2. Network downstairs has a networked PS2 and soon to have some sort of PVR like Tivo.
Now you kids at home can duplicate this setup by splitting your cable connection with a switch or adding a second cable modem (for an additional fee from your cable provider) to your house. You won’t have one huge fat pipe, like multi-home or connection teaming. *The performance will come from the fact that being online with your PS2 won’t tank your music downloads going on upstairs.
The main problem: You have two routers, two separate subnets. How can I send movies to my PC from my PVR if I can’t see it on the LAN. How can I backup my PS2 games (There’s a way you can do that?!) onto my server if I can’t ping my PS2 from my PC.

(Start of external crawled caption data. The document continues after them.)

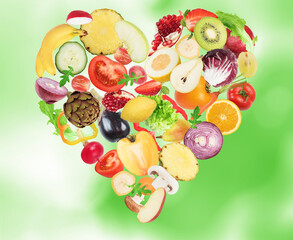 Vegetable and fruit forming a heart. Healthy food for wellness concept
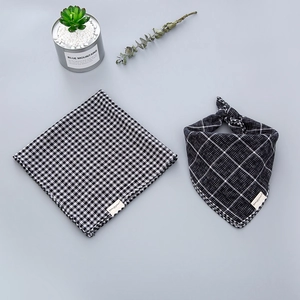 Detailed view of black and white gingham and windowpane cotton scarves for babies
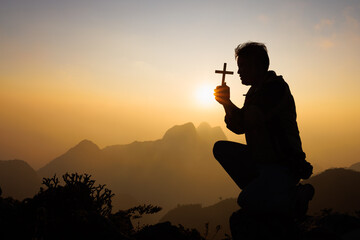 Silhouette of christian man hand praying, man holding a crucifix praying, spirituality and...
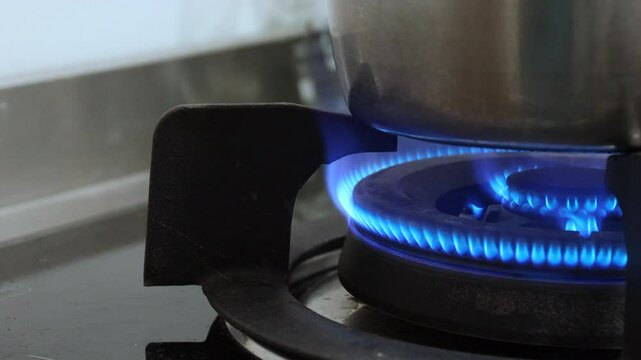The footage of the fire from the gas stove beneath the cooking pot, boiling the soup.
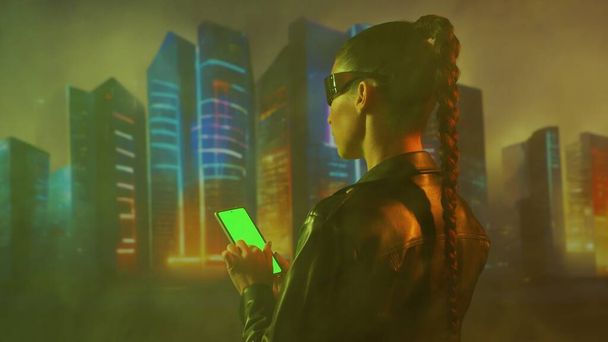 Portret dziewczyny cyberpunkowej. Piękna młoda kobieta na tle miejskich scyscraperów. Koncepcja futurystyczna. - Zdjęcie, obraz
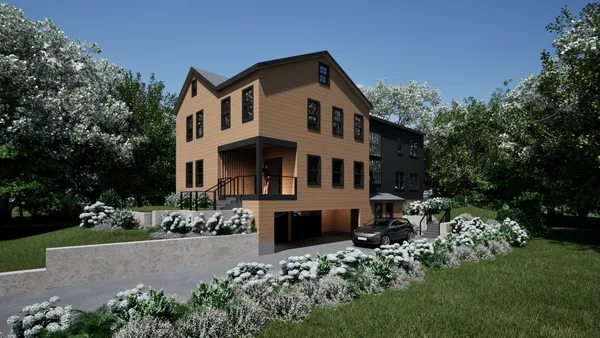 a front view of a house with a garden
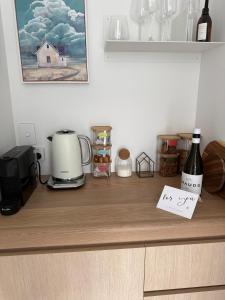 a counter top with a coffee maker and a note at McNeil Luxury Studio in Wanaka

The answer is static routing and a crossover cable or uplink port. Here is what my network looks like:
First get both of your routers setup and on the internet with separate IP addresses. Leave DHCP on for the time being as it will allow you to connect easily and test this configuration. For simplicity I put my WiFi WRT54G Linksys router #1 in the 10.0.1.X subnet. You could use any subnet in the 10.X.X.X (or 192.168.X.X) range but I don’t plan on connecting more then 254 computers off my LAN. I put my Linksys made Network Everywhere NR041 downstairs, setup on the 10.0.2.X subnet. If you are not methodical with the next few steps you may not know WHAT network you are on, etc.
Connect PC to router 1 – test internet. Make sure you are on the 10.0.1.X subnet.
Connect PC to router 2 – test internet. Make sure you are on the 10.0.2.X subnet.
Now connect both routers together with a crossover cable. If you happen to have a NR041 you have a snazzy little button for “uplink” on the router in port 1 and you won’t need a special cable. Take port 1 of router #1 and plug it into port 1 of router #2 with your cable. Apparently port 4 on the Linksys WRT54G can also serve as an “uplink” port – not requiring a special crossover cable. Check out the WRT54G uplink documentation here. You can’t be sure you will need a special cable unless you look up the documentation of your router to see if one of the ports can be used as an uplink port. All else fails, buy the cable.
Connect to router 1 – test internet.
Connect to router 2 – test internet.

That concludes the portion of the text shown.